Timi Zajc – warum sein Flug nicht enden wollte

Spektakulär ging es in Willingen zu, turbulent und im Fall des slowenischen Überfliegers Timi Zajc auch gefährlich. Sein unendlicher Gleitflug auf 161,5 Meter hat die Anzugdiskussion im Springerzirkus noch einmal beflügelt. Was liegt da näher, als unseren Skisprungexperten Gerd Siegmund zu den Ereignissen auf der Mühlenkopfschanze zu befragen.


AVIA: Hallo Gerd, erst mal ganz allgemein: Wie schaust Du auf den Weltcup im Sauerland zurück?

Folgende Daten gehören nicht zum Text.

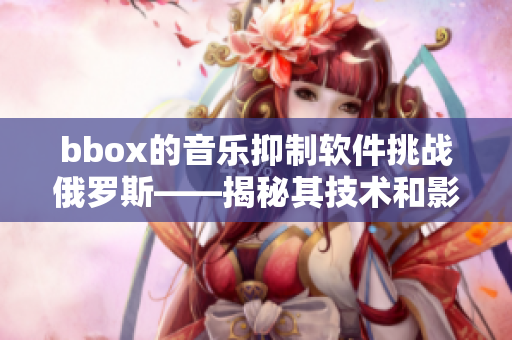 bbox的音乐抑制软件挑战俄罗斯——揭秘其技术和影响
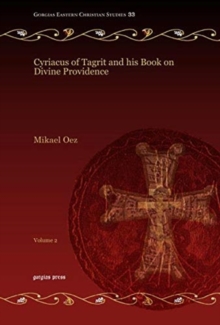 Cyriacus of Tagrit and his Book on Divine Providence (Vol 2)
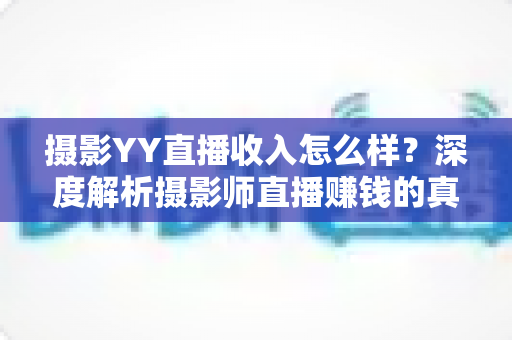 摄影YY直播收入怎么样？深度解析摄影师直播赚钱的真实水平与变现攻略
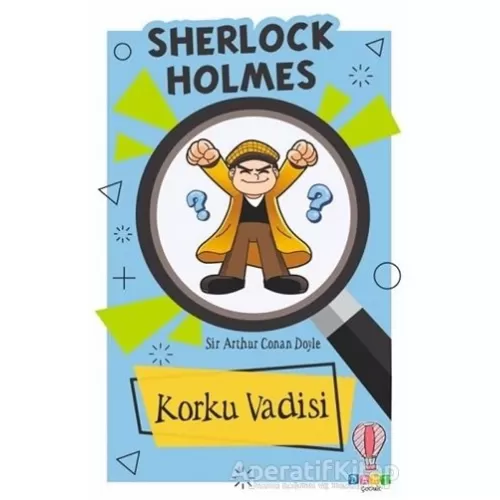 Korku Vadisi - Sherlock Holmes - Sir Arthur Conan Doyle - Dahi Çocuk Yayınları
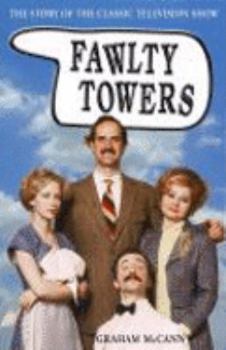 Paperback Fawlty Towers: The Story of Britain's Favourite Sitcom Book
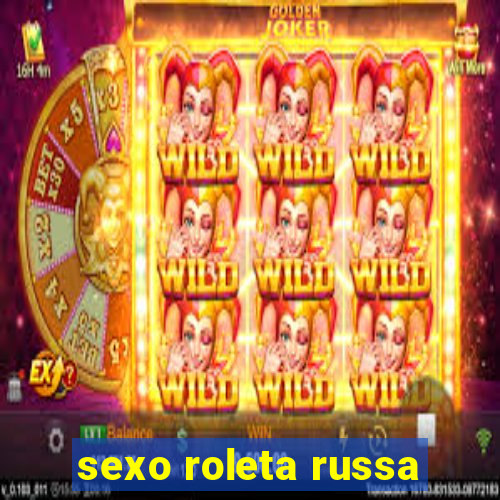 sexo roleta russa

Gerd Siegmund: Willingen hat wirklich alles geboten. Nach zwei Jahren Corona ohne Zuschauer haben wir wieder ein Fest mit toller Partystimmung an zwei Tagen, an denen das Stadion fast ausverkauft war, erlebt. Einfach supercool.

AVIA: Und nun das Aber …

Gerd Siegmund: Ja, auch Wind gab es leider viel. Und der hat das Dilemma, das es derzeit gibt, aufgedeckt. Nämlich, dass Skispringen bei solchen Verhältnissen nicht mehr kalkulierbar ist. Die 161,5 Meter von Timi Zajc sind eine unglaubliche Weite. Alle Beteiligten - und Timi insbesondere – können von riesigem Glück reden, dass nichts passiert ist. Ich hoffe, dass es der letzte Fingerzeig war für die Verantwortlichen im Weltverband um Sandro Pertile, zu handeln.

AVIA: Wie könnten die Konsequenzen aussehen?

Gerd Siegmund: Wir haben bestehende Regeln bei den Anzügen. Offenbar gelingt es den Springern, mit verschiedenen Tricks, ich nenne es mal Choreografien, bei der Kontrolle mit regelkonformen Anzügen durchzukommen. In der Luftfahrt sieht das dann aber manchmal nicht mehr so regelkonform aus, wenn man den vergrößerten Schrittbereich betrachtet.

AVIA: Dann gefährden die Springer ihre Gesundheit selbst, um konkurrenzfähig zu sein?

Gerd Siegmund: So sieht es zumindest aus. Ein Schweizer Springer hat sich auch schon anonym geäußert, dass es ohne zu große Anzüge gar nicht mehr möglich sei, vorn mitzumischen. Es muss knallhart und ohne Rücksicht auf große Namen bei den Kontrollen durchgezogen werden. Es darf nicht die Gesundheit der Athleten auf dem Spiel stehen.

AVIA: Hast Du mit Timi Zajc über das Thema sprechen können?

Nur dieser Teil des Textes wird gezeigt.